For the past year we’ve dreaded it.
This past Friday arrived. Dreaded, anticipated, excitedly awaited, tearfully faced…
The teen got in his car and drove hundreds of miles away to the land he calls home.
I have been a bit of a mess through the whole thing – and yet I’m proud of how I’ve handled it all. Because, knowing his aversion to overly emotional stuff, I’ve kept my cool, and only been a bit more huggy than usual.
We had our time to talk, and I was emotionally exhausted on the day he left, and been glad for the preoccupation of plenty of other things since he’s been gone.
But there are those times.
Those brief moments…
When it overwhelms.
When I cry.
The empty room.
Soon it will be cleared out and transformed into my home office again.
But it isn’t yet. There are still pieces of him in there.
And we all still pause outside the door expecting to hear Disney music emanating from within.
The quiet nights.
Nightly he would hang out with me after everyone else was in bed…we’d watch a Disney show of some kind, or Star Trek, or just talk with some random show on.
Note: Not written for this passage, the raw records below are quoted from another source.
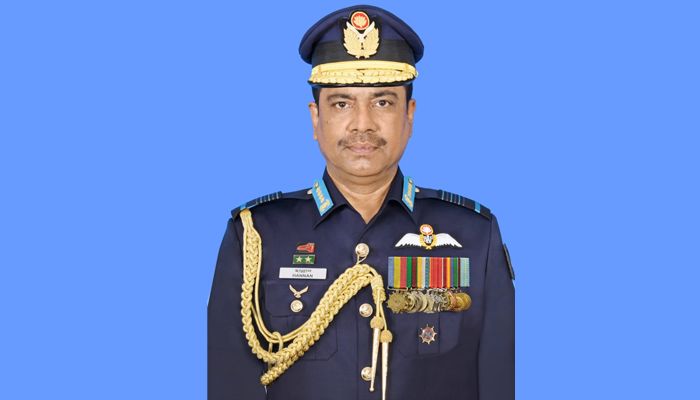 বিমানবাহিনীর প্রধান এয়ার চিফ মার্শাল শেখ আব্দুল হান্নান। ছবি : আইএসপিআর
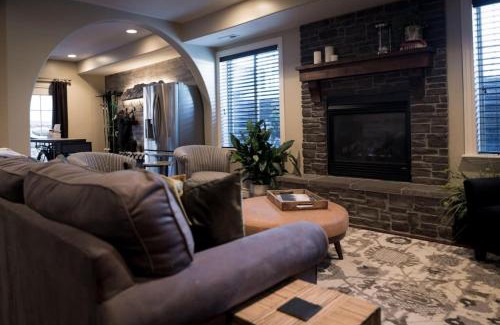 Heber House | Snuggle Down Inn 1BR In Law Basement Suite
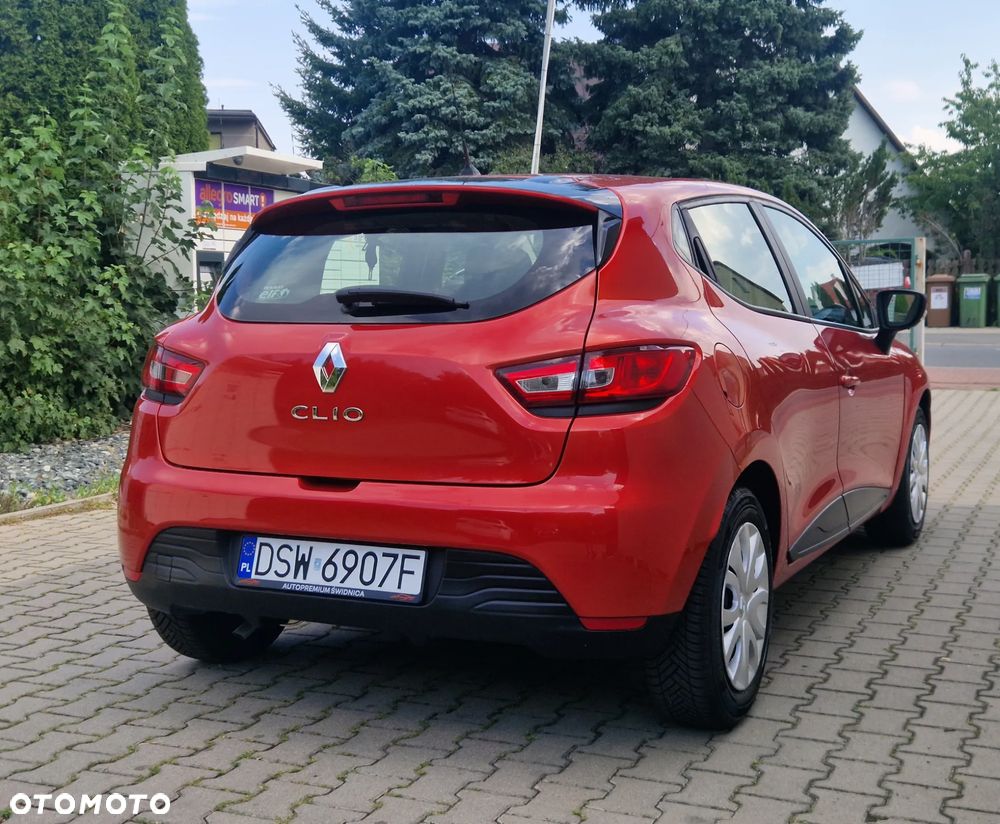 Renault Clio 1.2 16V 75 Experience - 4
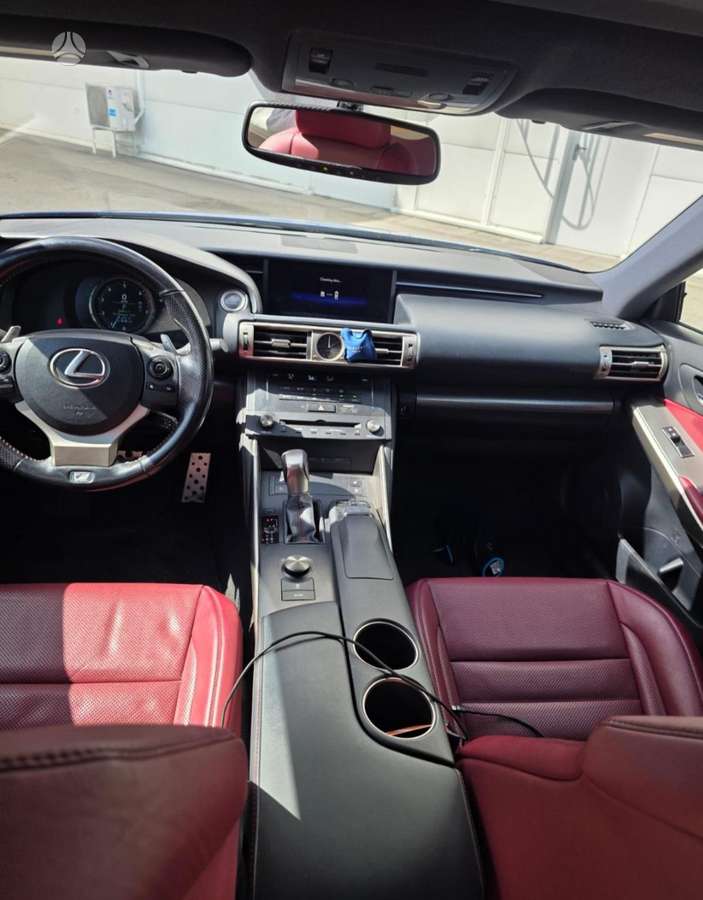 Lexus IS 200, 2.0 l., Седан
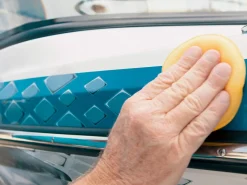 Meguiar's Flagship Marine Wax 16 Oz Liquid Wax (M6316)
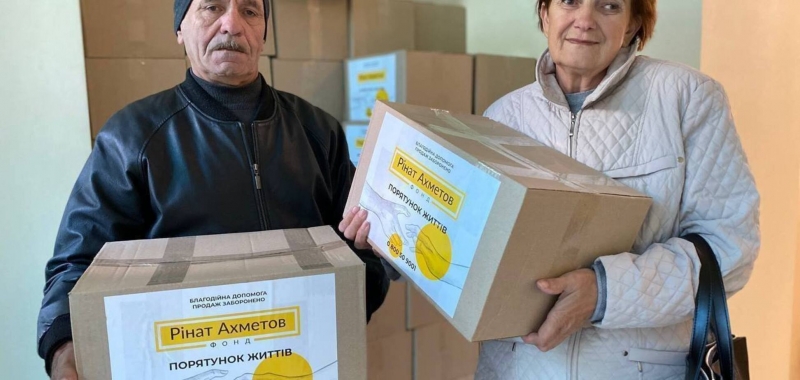 Переселенцы в Запорожской области получили продуктовые наборы от Фонда Ахметова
No matter what, the boy would be chatting, annoying, teasing, something…
I still sit at my desk and glance at the door expecting him to walk through the door.
It’s the frequent reminding of myself that he isn’t going to walk through that door that hurts.
I know in time I will adjust.
I know that he is happy.
I know that I am incredibly proud.
This empty nest thing hurts…even when you have two more sitting around pestering you.